# Pay rise - what to do with it? Save for Mortgage / start pension / pay off debt?



## curlygirl (17 Aug 2009)

This is my first post - any feeback or advice greatly appreciated! 

Age: 26
Spouse’s/Partner's age: 27

Annual gross income from employment or profession: €40,000 plus €3,000 (o/t & bonuses & travel)
Annual gross income of partner: €25,000

(We have only recently been on these salaries for 1 month - previously we made € 30,000.00 between us) 
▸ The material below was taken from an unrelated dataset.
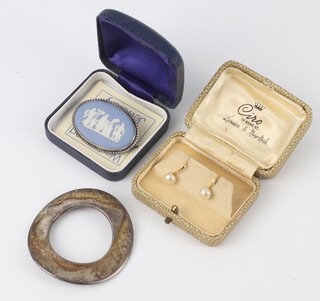 A pair of 9ct yellow gold cultured pearl ear studs, a silver mounted Wedgwood brooch and a silver napkin ring Birmingham 2004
Type of employment: Both employed in private sector

In general are you:
(a) spending more than you earn, or
(b) saving? - spending roughly what we earn each month

Rough estimate of value of home- do not own a house
Amount outstanding on your mortgage: n/a
What interest rate are you paying? n/a

Other borrowings – car loans/personal loans: €23,000 of a student loan. I pay €248.00 a month on this. I have a student rate on the loan. 
My partner is pretty much debt free! 

Do you pay off your full credit card balance each month? Partner has credit card, does not pay it off in full each month 
If not, what is the balance on your credit card? Partner's card - €1,300.00 

Savings and investments: None

Do you have a pension scheme? No, neither of us. 

 Do you own any investment or other property? No.

Ages of children: None

Life insurance: None

Additional Info: My boyfriend's salary will stay around the €25k to 30k mark. Mine should increase substanially over the next few years. 
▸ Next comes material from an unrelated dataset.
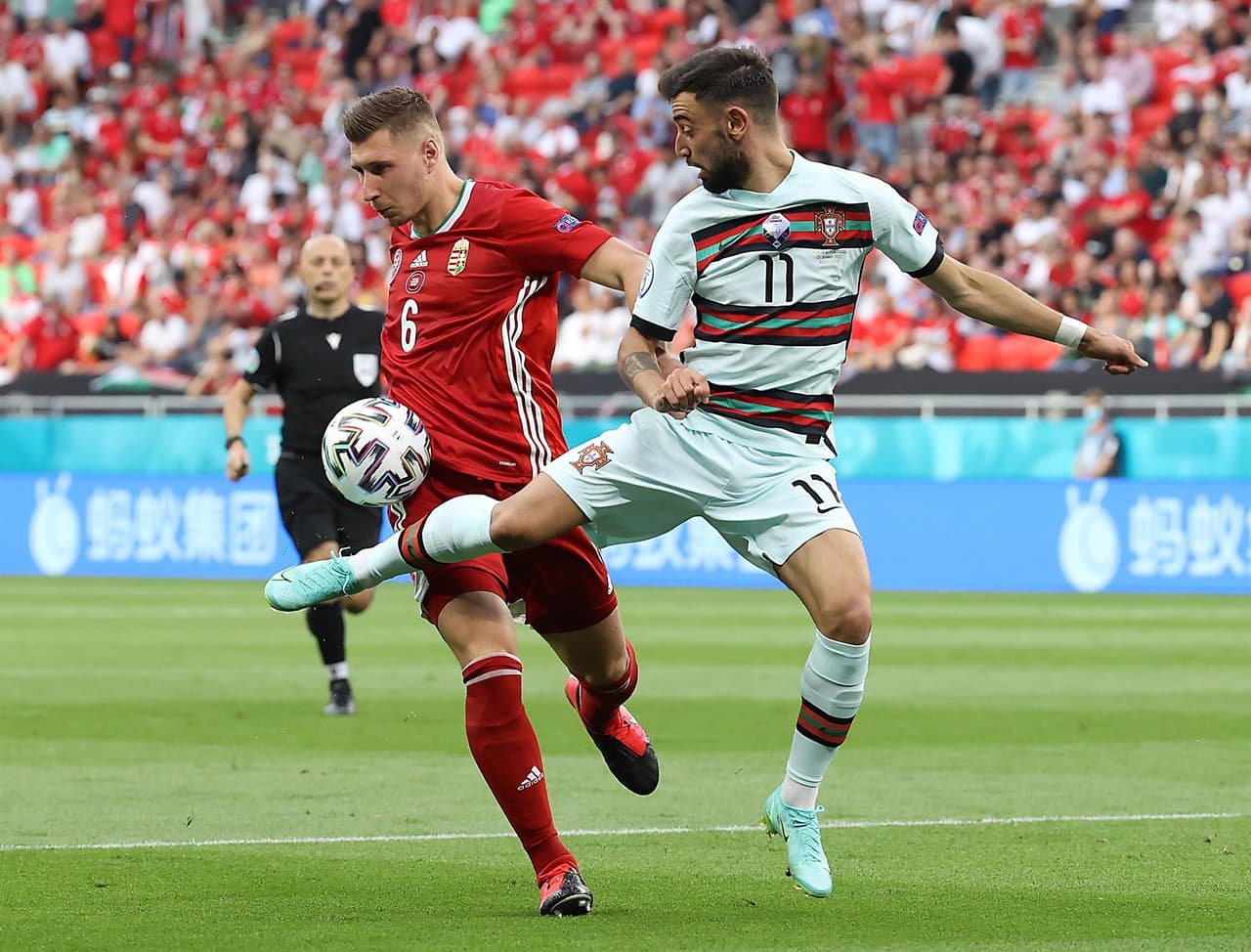 Portugal salva el resultado y derrota a Hungría 3-0 durante el partido del Grupo F en la Euro 2020. La primera parte del partido empataban a cero, pero Raphael Guerreiro ponía el primer tanto al minuto 84 y Cristiano Ronaldo se encargó de cerrar el partido con doblete, sumando los primeros tres puntos para los lusos.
Neither of our jobs have paid maternity leave, health care or pensions. 

What specific question do you have or what issues are of concern to you?
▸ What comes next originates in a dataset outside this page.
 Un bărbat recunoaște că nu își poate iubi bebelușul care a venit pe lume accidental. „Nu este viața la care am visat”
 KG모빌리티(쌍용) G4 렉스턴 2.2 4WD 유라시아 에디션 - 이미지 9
- I was recently given a pay rise from €19,000 to €40,000 and my partner got a pay rise in the same month from €16,000.00 to €25,000.00. We have gone from only earning a bare living between us, to actually have disposable income - a first as have been training for years! 
- We currently live rent free in a property owned by boyfriend's parents. 
- We want to get ourselves into a strong financial situation as soon as possible. We would hope to buy our own home in the next two years, get married, update cars etc. We do not want to get used to having this extra money and wasting it so to speak. 
- My boyfriend feels that I am paying a lot of tax and wants me to start a pension. I also agree with starting a pension, but feel that there is no point in starting a pension when we have no house, very old cars, no savings for now or the immediate future. 
- What would be the most sensible thing to do with our pay rises? We realise that we are lucky in the current market and want to prepare wisely for the future. 
- Should we start to save for a Mortgage? (I am a professional and used to qualify for 100% Mortgage, don't know if this is still the case) Or would it look better in the Mortgage application if we had smaller savings, but more of my loan paid off? 
- If we should start saving, what type of account? Would need access to money in 1.5 / 2 years for deposit for house? 
- If I started a pension would I be able to stop paying it if I went on Maternity Leave? Or reduce it, if we have children and things get tight? Is it worth starting a pension now tax wise? 

I'm sorry for the general nature of this post - but have been on a trainee's salary for the past 5 years. Used to trying to live off €14,000.00 a year - a bit overwhelmed as to what to do with my current wage, but want to make the right financial decisions. Any help or advice would be greatly appreciated!


----------



## Cat101 (17 Aug 2009)

curlygirl said:


> - We currently live rent free in a property owned by boyfriend's parents.


 
I don't want this to come across a rude but now that you both have some extra cash would you not consider paying some rent with it?? Your boyfriends parents have been extreemly kind to date..time to pay them back I think.


----------



## z109 (18 Aug 2009)

Wahey. Well done.

First of all, pay off the partner's credit card.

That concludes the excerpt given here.